• **Working data**
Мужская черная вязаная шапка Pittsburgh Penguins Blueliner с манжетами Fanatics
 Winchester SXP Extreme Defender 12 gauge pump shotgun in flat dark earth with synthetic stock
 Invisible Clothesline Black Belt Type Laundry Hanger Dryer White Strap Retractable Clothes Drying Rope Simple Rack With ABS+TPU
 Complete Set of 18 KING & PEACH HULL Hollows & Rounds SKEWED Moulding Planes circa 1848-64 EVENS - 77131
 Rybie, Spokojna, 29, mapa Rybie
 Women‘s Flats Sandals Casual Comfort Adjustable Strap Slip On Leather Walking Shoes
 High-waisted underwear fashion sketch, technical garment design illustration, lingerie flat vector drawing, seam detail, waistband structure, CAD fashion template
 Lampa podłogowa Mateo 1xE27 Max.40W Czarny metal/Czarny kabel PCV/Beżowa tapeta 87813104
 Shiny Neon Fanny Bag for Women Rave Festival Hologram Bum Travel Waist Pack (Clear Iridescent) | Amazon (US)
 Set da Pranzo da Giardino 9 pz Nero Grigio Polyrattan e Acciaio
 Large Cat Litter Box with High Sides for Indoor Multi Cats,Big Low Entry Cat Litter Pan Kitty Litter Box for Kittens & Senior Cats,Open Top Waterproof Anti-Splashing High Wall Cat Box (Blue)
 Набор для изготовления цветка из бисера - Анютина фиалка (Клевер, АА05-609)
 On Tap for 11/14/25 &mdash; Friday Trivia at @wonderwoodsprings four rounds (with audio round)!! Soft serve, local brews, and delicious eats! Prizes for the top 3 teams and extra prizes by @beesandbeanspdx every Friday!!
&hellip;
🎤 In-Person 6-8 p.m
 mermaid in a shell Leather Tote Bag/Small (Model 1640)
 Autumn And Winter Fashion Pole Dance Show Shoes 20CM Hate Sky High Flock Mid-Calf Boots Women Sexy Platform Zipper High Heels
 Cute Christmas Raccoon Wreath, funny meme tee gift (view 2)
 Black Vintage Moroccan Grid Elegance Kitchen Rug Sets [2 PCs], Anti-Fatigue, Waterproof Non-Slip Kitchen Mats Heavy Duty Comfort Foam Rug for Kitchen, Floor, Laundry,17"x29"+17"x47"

• **Your instructions**
Reproduce the whole listing verbatim.

• **Solution to the exercise**
Мужская черная вязаная шапка Pittsburgh Penguins Blueliner с манжетами Fanatics
 Winchester SXP Extreme Defender 12 gauge pump shotgun in flat dark earth with synthetic stock
 Invisible Clothesline Black Belt Type Laundry Hanger Dryer White Strap Retractable Clothes Drying Rope Simple Rack With ABS+TPU
 Complete Set of 18 KING & PEACH HULL Hollows & Rounds SKEWED Moulding Planes circa 1848-64 EVENS - 77131
 Rybie, Spokojna, 29, mapa Rybie
 Women‘s Flats Sandals Casual Comfort Adjustable Strap Slip On Leather Walking Shoes
 High-waisted underwear fashion sketch, technical garment design illustration, lingerie flat vector drawing, seam detail, waistband structure, CAD fashion template
 Lampa podłogowa Mateo 1xE27 Max.40W Czarny metal/Czarny kabel PCV/Beżowa tapeta 87813104
 Shiny Neon Fanny Bag for Women Rave Festival Hologram Bum Travel Waist Pack (Clear Iridescent) | Amazon (US)
 Set da Pranzo da Giardino 9 pz Nero Grigio Polyrattan e Acciaio
 Large Cat Litter Box with High Sides for Indoor Multi Cats,Big Low Entry Cat Litter Pan Kitty Litter Box for Kittens & Senior Cats,Open Top Waterproof Anti-Splashing High Wall Cat Box (Blue)
 Набор для изготовления цветка из бисера - Анютина фиалка (Клевер, АА05-609)
 On Tap for 11/14/25 &mdash; Friday Trivia at @wonderwoodsprings four rounds (with audio round)!! Soft serve, local brews, and delicious eats! Prizes for the top 3 teams and extra prizes by @beesandbeanspdx every Friday!!
&hellip;
🎤 In-Person 6-8 p.m
 mermaid in a shell Leather Tote Bag/Small (Model 1640)
 Autumn And Winter Fashion Pole Dance Show Shoes 20CM Hate Sky High Flock Mid-Calf Boots Women Sexy Platform Zipper High Heels
 Cute Christmas Raccoon Wreath, funny meme tee gift (view 2)
 Black Vintage Moroccan Grid Elegance Kitchen Rug Sets [2 PCs], Anti-Fatigue, Waterproof Non-Slip Kitchen Mats Heavy Duty Comfort Foam Rug for Kitchen, Floor, Laundry,17"x29"+17"x47"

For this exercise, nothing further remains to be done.